JAKARTA: Saudi Arabia’s football team are doing things differently at the Asian Games this month. The three-week tournament is open to players aged under-23, with countries having the option to select three over-age players. The result is hosts Indonesia have selected a 37-year-old naturalized Brazilian and South Korea, whose players can avoid mandatory military service if they win gold, have called upon Heung-min Son, the Tottenham Hotspur forward.
Saudi Arabia, in contrast, have brought their Under-21 team.

Coach Saad Al-Shehri, who has been in charge of the side for three years, does not shy from the fact his Young Falcons are here primarily to gain experience and develop ahead of a crucial U23 Asian Championships, which offers direct qualification to the Olympic Games.

Yet he is also aware the deeper his side go this month, the more it will ultimately benefit the Kingdom’s Tokyo 2020 objective.
“We are playing here with an Under-21 team in a tournament that is for Under-23s,” he said. “But I believe in these players. I worked with them at the Under-20 World Cup in 2017 in Korea and this team is the future of Saudi Arabia. I do not doubt that, and the Federation is in agreement.
“The players need more experience, more games and strong tournaments, but we all believe in them and our work will continue on this path. This is the squad that we want to qualify for Tokyo.”

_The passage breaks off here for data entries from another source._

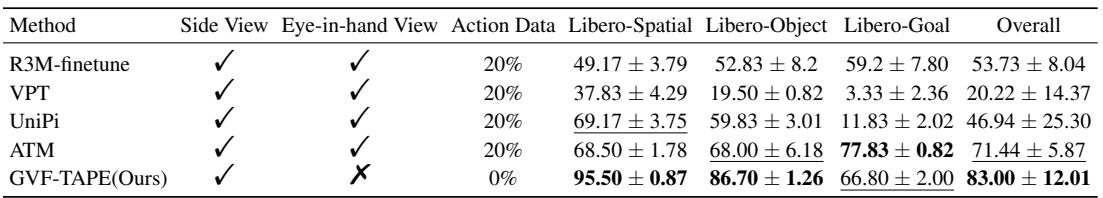 Table 1: Performance comparison with state-of-the-art methods across three LIBERO evaluation suites. Success rates (mean ± standard deviation) are reported over three random seeds. GVF-TAPE achieves the highest performance on two of the three suites and outperforms the next-best overall average by 11.56%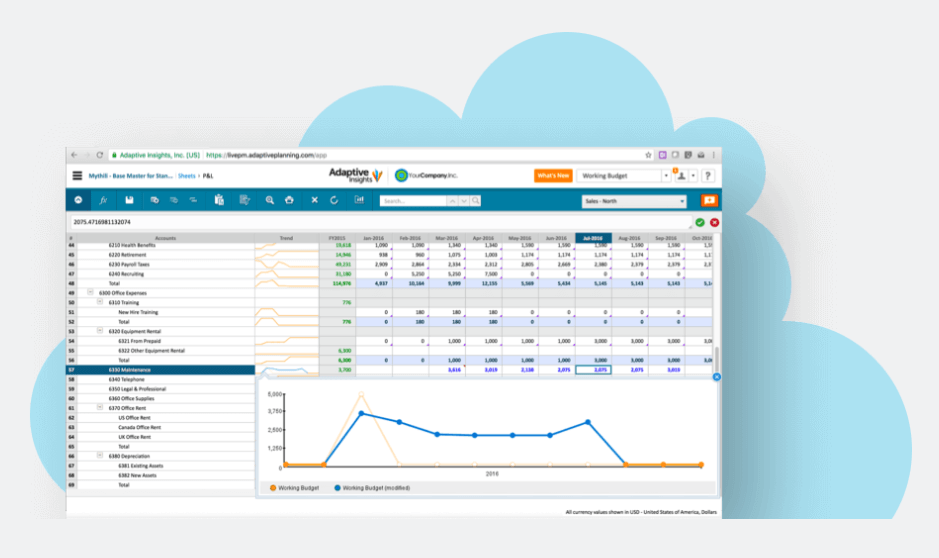 Workday adaptative planning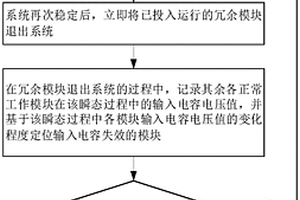 輸入串聯(lián)型模塊化DC-DC變換器輸入電容狀態(tài)監(jiān)測方法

Al-Shehri arrived at the Games playing down the importance of results and focusing on performances, but after two games in Jakarta, his team sit joint-top of Group F alongside Iran, with whom they drew 0-0 in their opening game. A comfortable 3-0 victory over Myanmar on Friday means progress to the knock-out stages is all but secure, with today’s match against North Korea offering an opportunity to secure an easier Round of 16 draw.
Finalists in 2014, North Korea were expected to prove the most difficult opponent of the group stage, yet a draw with Myanmar and a 3-0 humbling by Iran have altered expectations for both sides. Al-Shehri, who will be without key playmaker Ayman Al-Khulaif today through suspension, is now expected to make several changes to avoid fatigue in what will be the Young Falcons’ third game in five days.
“I have 20 players and trust them all,” Al-Shehri told Arab News. “I am confident we can play a good game against North Korea because we have players hungry and waiting to take their chance. Everybody is ready to play and be involved. Whether we win or lose… all we want is to play games. We need to play more games to improve and the further in the tournament we go, the more games we play, so if we get to the final it’s very good for us regardless. Every single game we play between now and the Tokyo qualifiers is very important for us.”
Al-Khulaif, 21, has been instrumental in his side’s results so far, proving a constant outlet on the right of midfield and drawing nine fouls, including two penalties. The Al-Ahli playmaker made his Pro League debut last season, coming on as a 90th minute substitute for Taiser Al-Jassem against Ohod, and will hope this tournament can help him catch the eye of new Al-Ahli boss Pablo Guede.
Forced to sit out today’s match, he is looking to the positives. “I am sad to miss the next game, but I trust fully in my teammates to get a good result and it gives me a chance to rest and, inshallah, prepare better for the knock-out stages.”